MOSCOW, Sep 10 – An influential lawmaker known for criticising Russian President Vladimir Putin was Monday on the verge of being expelled from parliament after a panel agreed a vote should be held on his ouster.
A parliamentary commission reviewed documents provided by investigators regarding the business interests of Gennady Gudkov, deputy head of the Just Russia party, deciding that Gudkov broke the law by combining work in business and public service.
“There are grounds for ending Gudkov’s mandate,” the head of the parliament’s committee overseeing deputies’ declarations of income and properties Vladimir Vasilyev, also a member of the majority United Russia party, was quoted as saying by his party’s website.
Gudkov’s ouster will now be voted on by parliament and is likely to be approved as the Duma is still dominated by United Russia which votes overwhelmingly for Kremlin-approved directives.
Gudkov, 56, has called the initiative against him a “farce” pushed by the Kremlin ahead of the mass opposition protest planned for September 15.
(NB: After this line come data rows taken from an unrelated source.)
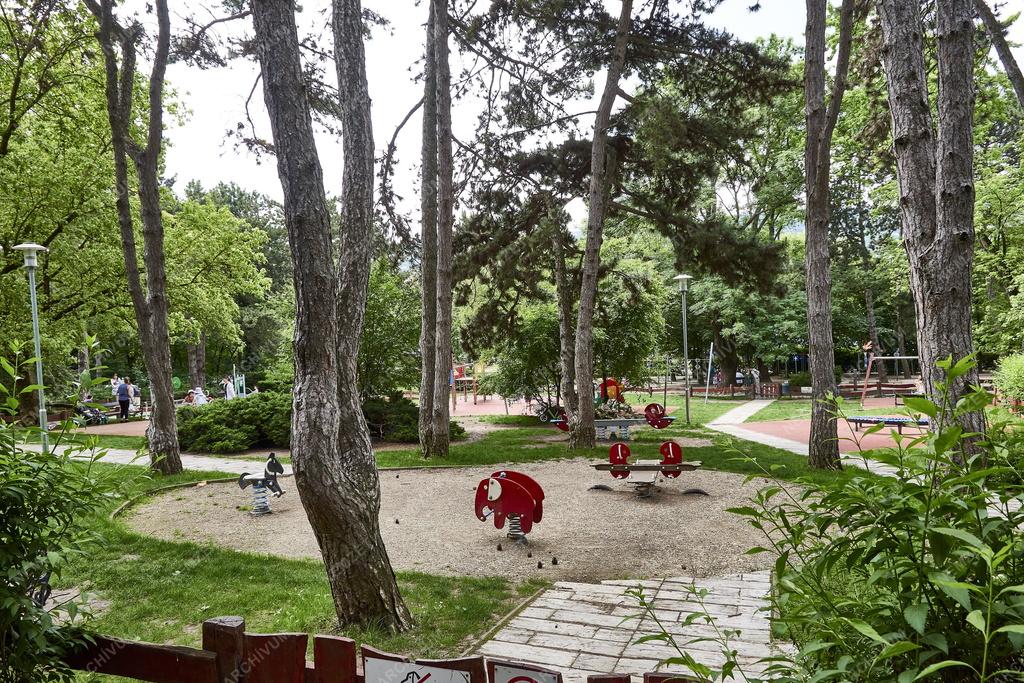 Szabadidő - Budapest - Fenyves utcai játszótér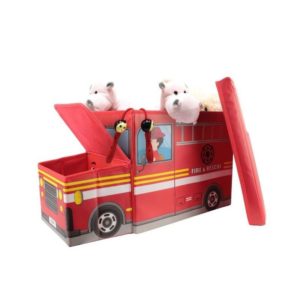 ranger des jouets dans une caisse pompier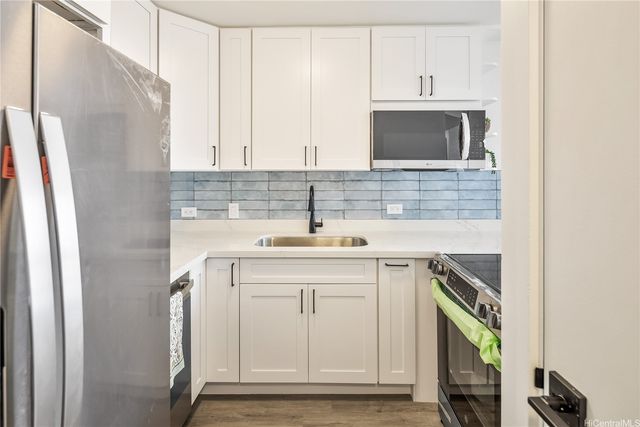 300 Wai Nani Way 1815, Honolulu, HI 96815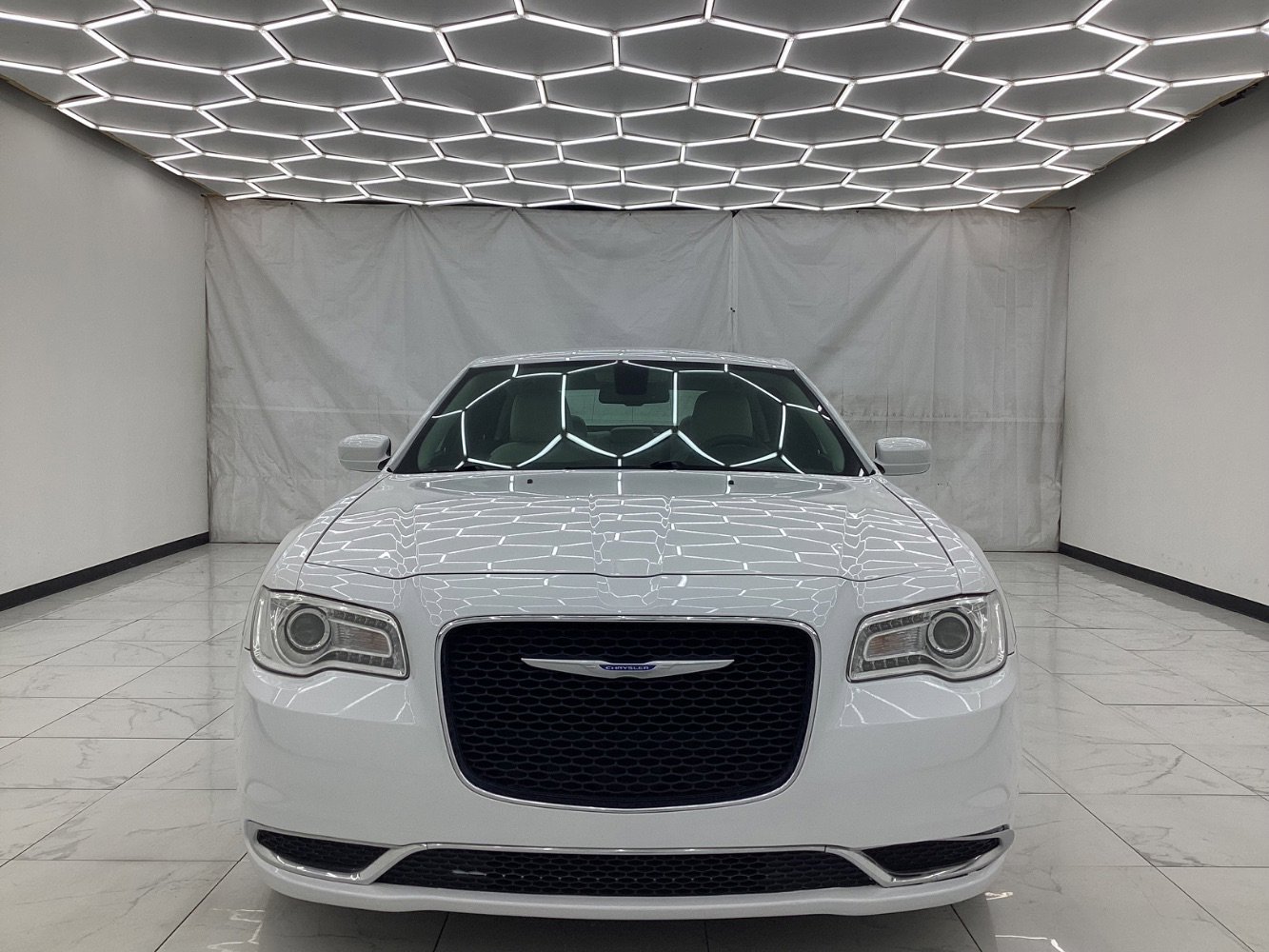 Used 2021 Chrysler 300 Touring image 5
Half of the majority party deputies own multimillion-dollar businesses, he said, arguing that he pulled out of his business interests that included private security before taking office.
“This is a settling of scores,” he told Dozhd television channel last week. “Only a court ruling can take a deputy out of the Duma against his will… It’s an extrajudicial reprisal and I have no way to defend myself.”
It was not clear Monday when the parliament will vote on taking away the mandate of Gudkov, who is not yet officially under any criminal investigation
It was not clear Monday when the parliament will vote on taking away the mandate of Gudkov, who is not yet officially under any criminal investigation.
Other opposition deputies, including Gudkov’s son Dmitry, have launched a campaign to expose the multimillion dollar properties and business assets of United Russia lawmakers, calling them “golden pretzels”.
Gudkov is a product of the Soviet establishment and even worked at the KGB in the Moscow region in the 1980s.
He started a career in the parliament in 2001, and was a member of United Russia for several years before switching to populist Just Russia, gradually becoming one of the Kremlin’s most vocal critics in the Duma.